Ban Ki-Moon has issued an urgent appeal for more funding to tackle the Ebola crisis after revealing a trust fund set up to raise $1 billion has received just $100,000 (£62,000) so far.

The UN Chief said some countries who were able to provide financial support to the UN Ebola response have failed to do so, while other donors were already overstretched.

It is time for countries who “really have the capacity” to provide financial and other logistical support, Mr Ban told a conference.

The UN Office for the Coordination of Humanitarian Affairs said on 16 September that $988 million (£615 million) is needed to tackle the deadly virus over the next six months.

Since then $365 million (£227 million) has been committed to stop Ebola in Liberia, Sierra Leone and Guinea, which have been hit hardest by the epidemic.

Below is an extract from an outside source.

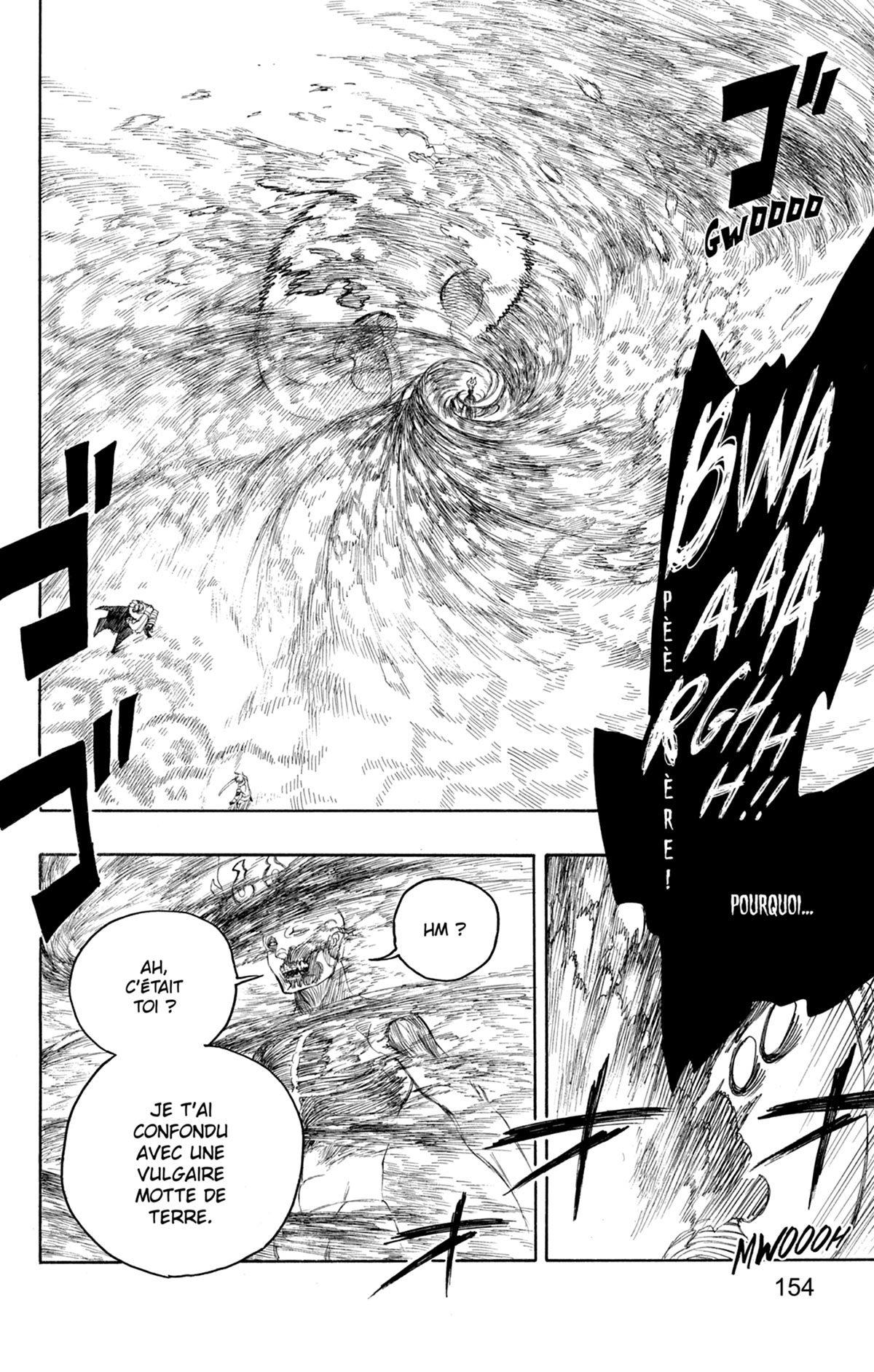 Read Ao No Exorcist fr Manga Online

Nearly all that money was donated directly to UN agencies and non-profits working in West Africa.

Meanwhile, just $100,000 was paid by Colombia into the trust fund set up by Mr Ban, according to UN records.

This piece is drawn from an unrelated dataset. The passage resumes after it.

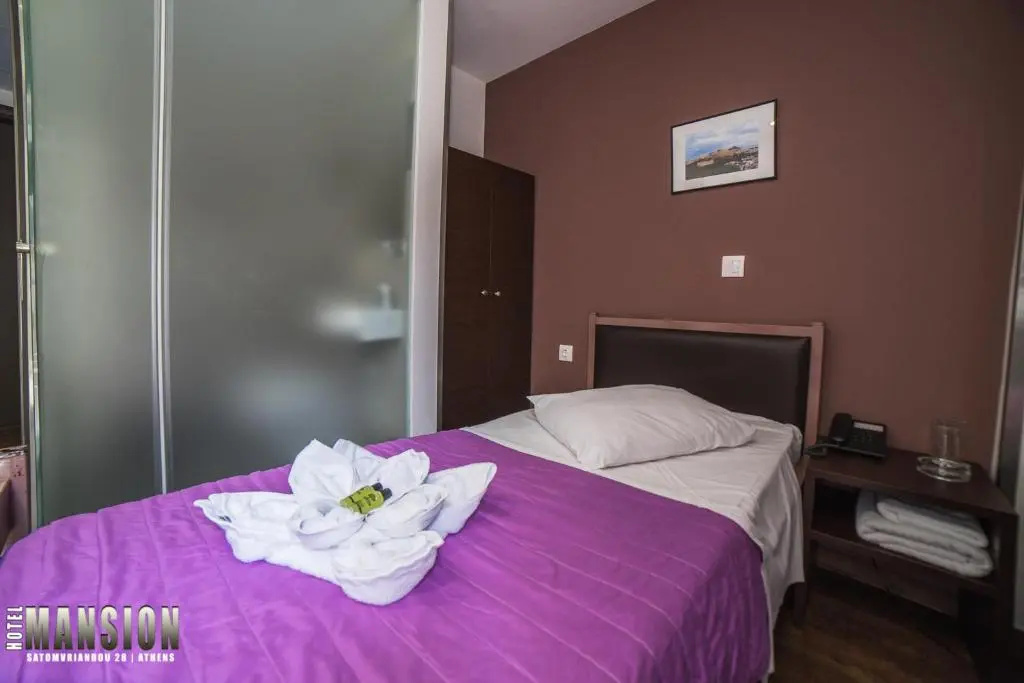 Standard Single room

Mr Ban’s criticism of the international response to the outbreak comes after the World Health Organisation projected the pace of infections accelerating in West Africa to as many as 10,000 new cases per week.

Anthony Banbury, a UN official co-ordinating the response to the crisis, also urged the world to step up its reaction, warning earlier this week: "Ebola got a head start on us, is far ahead of us, is running faster than us and is winning the race."

Dr David Nabarro, who is heading the UN response to the Ebola crisis, said the trust fund was intended to offer flexibility in responding to a crisis “which every day brings new challenges”.

“It allows the areas of greatest need to be identified and funds to be directed accordingly,” he said.

Nearly 4,500 people have died from the worst Ebola outbreak on record, according to figures from the World Health Organisation, with confirmed, probable and suspected cases of Ebola reported in seven countries, including the United States.